PatchSiren cyber security CVE debrief

CVE-2017-3327 Oracle CVE debrief

CVE-2017-3327 is an Oracle E-Business Suite Common Applications vulnerability in the Resources Module that affects several supported 12.1.x and 12.2.x releases. Oracle and NVD describe it as network-reachable over HTTP, unauthenticated, and requiring human interaction, with potential impact to sensitive data confidentiality and integrity. Organizations running affected E-Business Suite instances should treat it as a high-priority patching item, especially where the application handles critical business or customer data.

Vendor: Oracle
Product: CVE-2017-3327
CVSS: HIGH 8.2
CISA KEV: Not listed in stored evidence
Original CVE published: 2017-01-27
Original CVE updated: 2026-05-13
Advisory published: 2017-01-27
Advisory updated: 2026-05-13

Who should care

Security and application teams responsible for Oracle E-Business Suite, especially Common Applications/Resources Module deployments on affected 12.1.1, 12.1.2, 12.1.3, 12.2.3, 12.2.4, 12.2.5, and 12.2.6 versions. Any organization exposing EBS through HTTP or integrating it with sensitive internal systems should review exposure promptly.

Technical summary

The NVD record lists CVSS v3.0 vector AV:N/AC:L/PR:N/UI:R/S:C/C:H/I:L/A:N, indicating a network-exploitable issue with no privileges required but requiring user interaction. The affected CPEs cover Oracle Common Applications versions 12.1.1 through 12.2.6. The vendor advisory referenced by NVD is Oracle CPU January 2017. Based on the provided data, successful exploitation can expose critical data and allow unauthorized modification of some accessible data.

Defensive priority

High

Recommended defensive actions

Confirm whether any Oracle E-Business Suite Common Applications instances are running the affected versions listed in the advisory.
Review Oracle CPU January 2017 guidance and apply the vendor remediation for CVE-2017-3327 where applicable.
Restrict access to E-Business Suite HTTP interfaces to trusted networks until remediation is complete.
Audit for unusual access to Common Applications data and review logs around user-interactive workflows that could be abused.
Validate downstream systems and integrations that depend on E-Business Suite data, since the advisory notes possible impact beyond the directly affected component.

Evidence notes

Source corpus ties this CVE to Oracle Common Applications in Oracle E-Business Suite Resources Module and lists affected versions 12.1.1, 12.1.2, 12.1.3, 12.2.3, 12.2.4, 12.2.5, and 12.2.6. NVD supplies CVSS 3.0 vector CVSS:3.0/AV:N/AC:L/PR:N/UI:R/S:C/C:H/I:L/A:N and classifies the weakness as NVD-CWE-noinfo.
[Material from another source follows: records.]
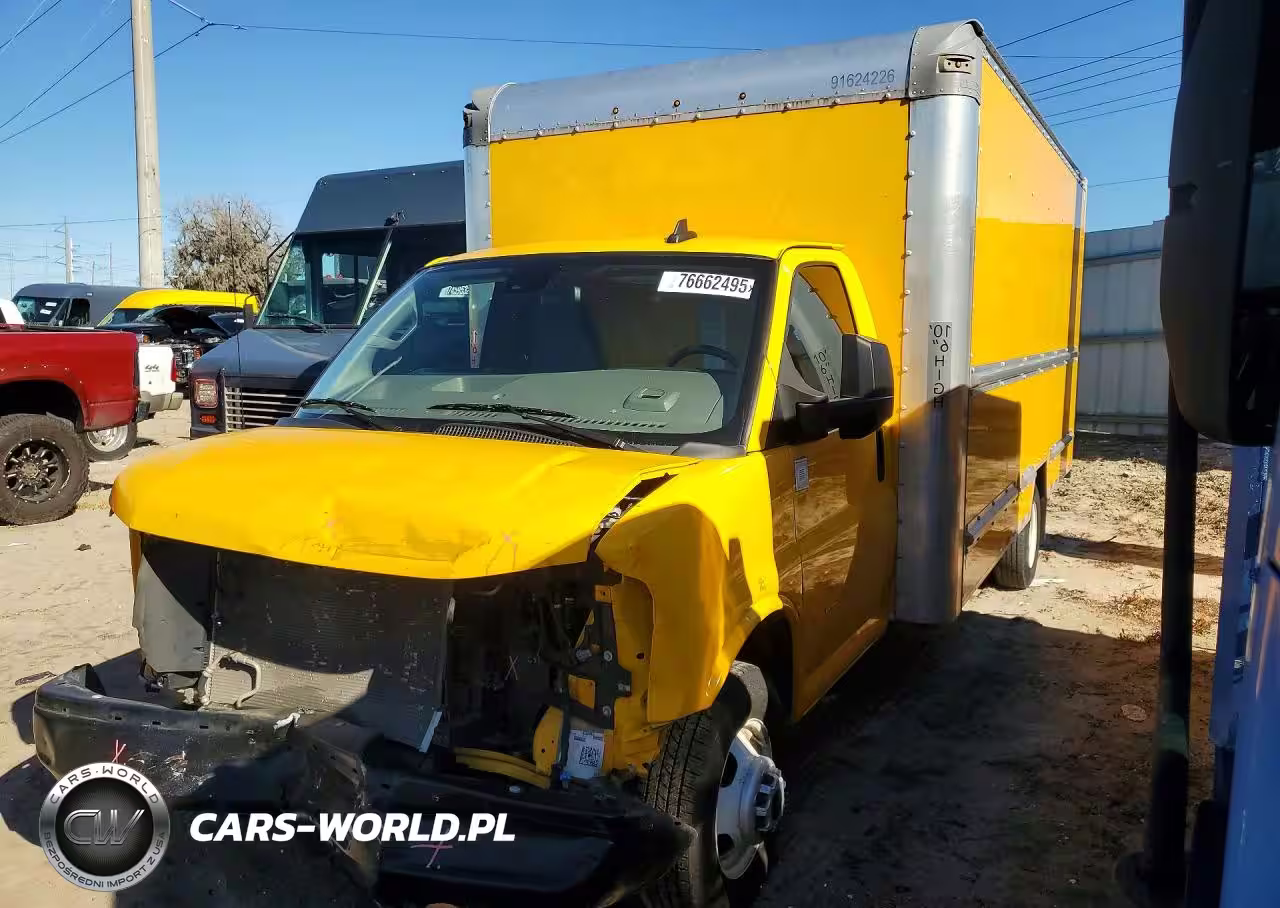 2022 GMC Savana Box Truck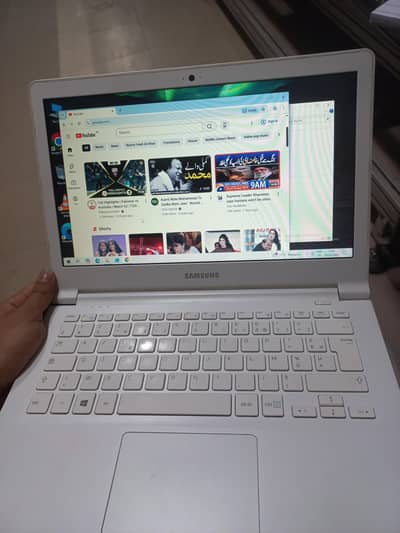 Samsung laptop battery  good condition white color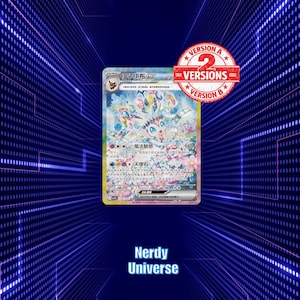 Puede incluir: Una carta coleccionable Sylveon EX con una ilustración colorida y detallada de la criatura rodeada de flores y cristales. La carta incluye texto en chino, estadísticas de juego y un sello circular rojo en la esquina superior derecha que dice 2 VERSIONS.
The Oracle CPU January 2017 advisory is referenced in the NVD record. PublishedAt is 2017-01-27T22:59:04.820Z; no KEV entry is supplied in the provided corpus.

Official resources

CVE-2017-3327 CVE record
CVE.org
CVE-2017-3327 NVD detail
NVD
Source item URL
nvd_modified
Mitigation or vendor reference
[email protected] - Patch, Vendor Advisory
Mitigation or vendor reference
[email protected] - Third Party Advisory, VDB Entry
Source reference
[email protected]

Publicly disclosed in the CVE record on 2017-01-27. The provided source corpus includes Oracle CPU January 2017 and the NVD entry; no CISA KEV data is supplied for this CVE.